Theory of Mind Threshold

When does a mind start modeling itself?

We evolve a population of agents. Each has a world model — a list of features it uses to predict other agents' next actions. Features can reference the environment, another agent's observable behavior, the agent's own internal state, or (recursively) another agent's model of this agent. We track when any agent first crosses each order of theory of mind — the moment its model starts referencing itself, or others modeling it, or others modeling its model of them.

This is a phase transition between "stimulus-response creature" and "creature aware it is a creature."

Replication: across 10-seed × 400-generation sweep, depth 3 was reached in 100% of runs (median gen 84). Depth 4 in 100% (median gen 198). Depth 5 in 30%. raw sweep data · the writeup

Follow-up — The Ceiling at Depth 2: a 12-run stability sweep (varying cost 0.02–0.08, population 120–240, length up to 1200 gens at MAX_DEPTH=10) shows that populations cross to depth 3–4 transiently but always regress to depth 2 as the stable attractor. Depth 5+ never reached. → full ceiling study

Complexity & ToM depth over generations

Gray = avg model complexity. Purple = avg theory-of-mind depth across the population. Colored vertical lines mark the first generation any agent crosses each depth threshold.

depth 1 observes behavior depth 2 self-model depth 3 models another's self-model depth 4 models another modeling it depth 5 infinite mirror

First agent to cross each depth

Depth	What it means	Generation	Agent	Features

Scenario: when depth wins

A moment sampled from a late-run frame where a deep-ToM agent predicted correctly while a shallow-ToM agent predicted wrong — against the same target. This is the fitness gradient that drives complexity upward.

loading…

Top survivors at end of run

Sorted by depth, then complexity. Features shown as paths of tokens.

#	ID	Depth	Complexity	Features

How this works

Powered by the public twin engine — a deterministic, stdlib-only digital twin of the rappter frame loop. Same seed → same run on any machine.
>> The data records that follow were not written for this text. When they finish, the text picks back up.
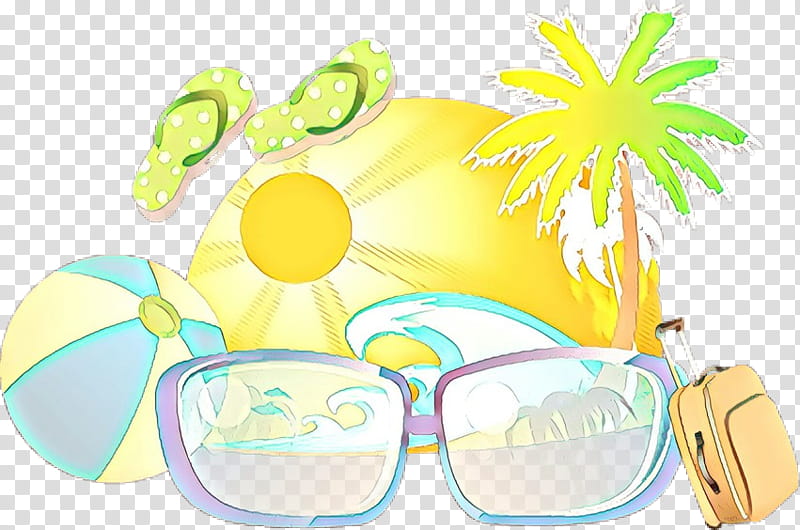 Glasses, Cartoon, Eyewear, Goggles, Yellow, Sunglasses, Personal Protective Equipment, Vision Care transparent background PNG clipart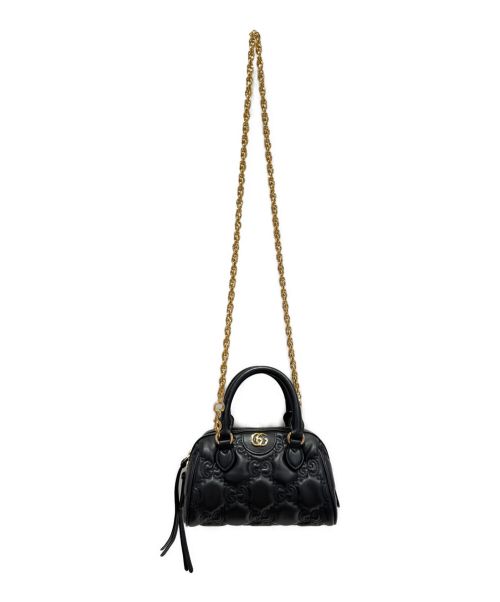 GUCCI（グッチ）GUCCI (グッチ) GGマトラッセ ブラックの古着・服飾アイテム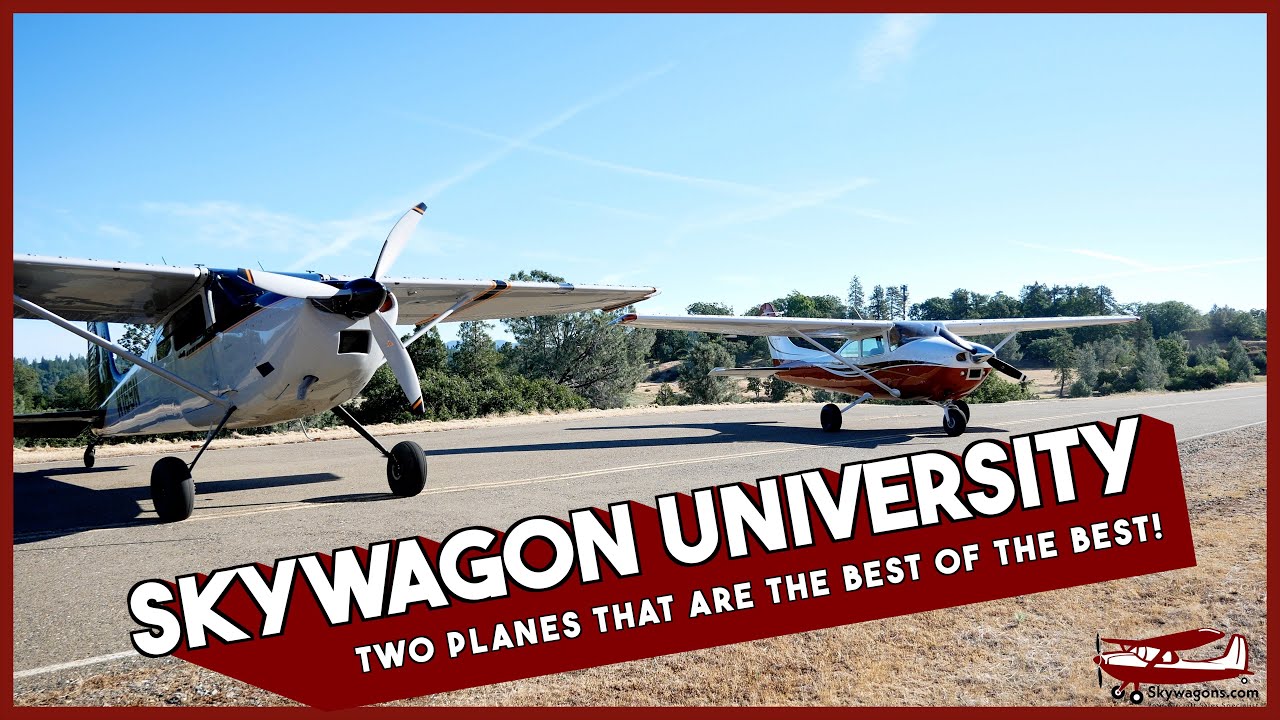 A Very close look at two exceptional Planes with MANY modifications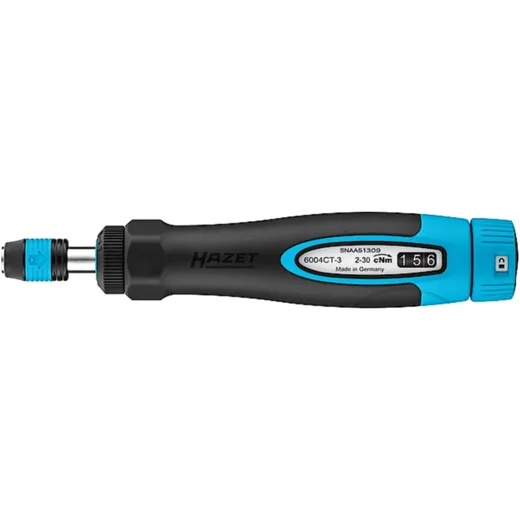 Hazet 1/4 Zoll Drehmomentschraubendreher 0.02 – 0.3 Nm ±6%_0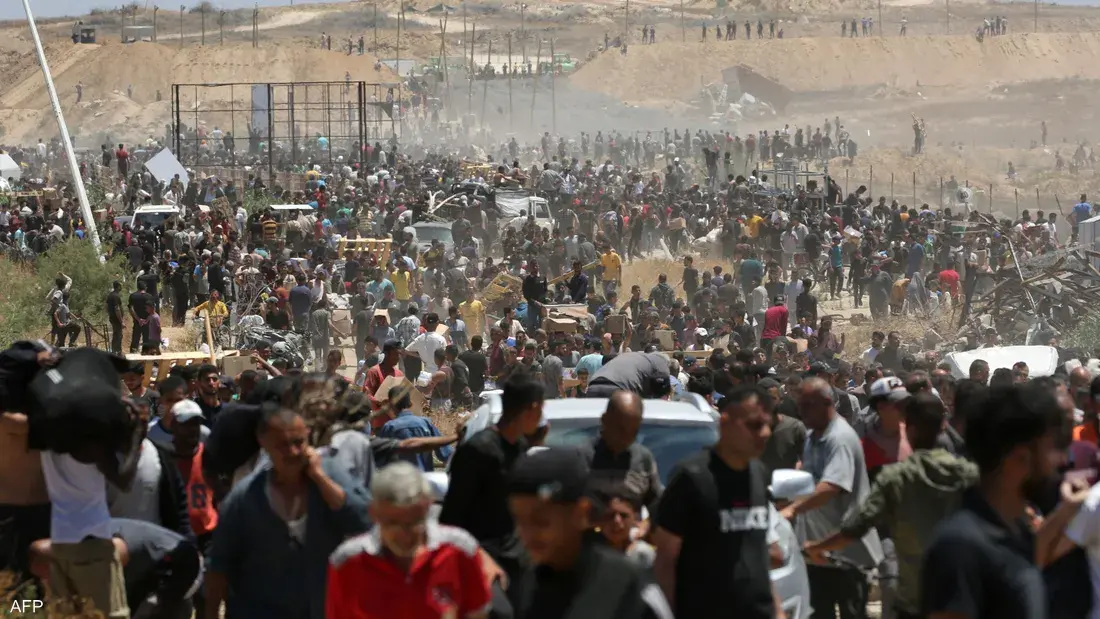 حرب الإبادة: 3 شهداء برصاص الجيش الإسرائيلي قرب مركز مساعدات غربي رفح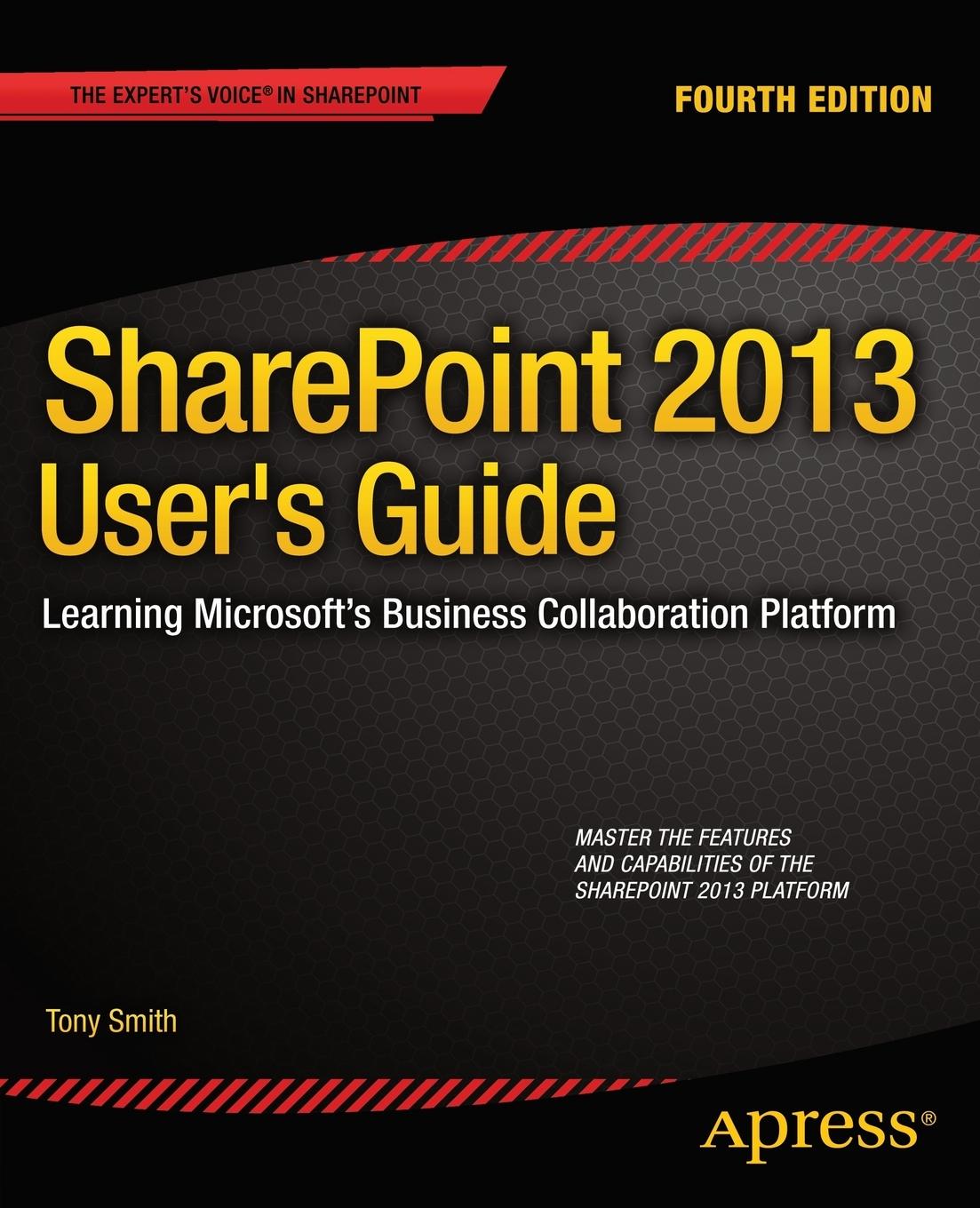 Vorderes Coverbild SharePoint 2013 User's Guide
Each agent has features = paths of tokens: env.food, env.danger, other.action, self.state, or other.model → .... The other.model gateway swaps perspective: everything after it is evaluated as if from the target agent's point of view looking at the observer. Each such hop bumps the recursion depth by one.

Fitness = correct predictions minus complexity cost. Mutation can deepen a feature (prepend other.model), shallow it (drop leading gateway), or swap its terminal. Selection keeps the top 80%; the bottom 20% is replaced by mutated copies of the top 20%. Over generations, the population climbs the ToM ladder when predicting deeper agents is more valuable than the extra complexity costs.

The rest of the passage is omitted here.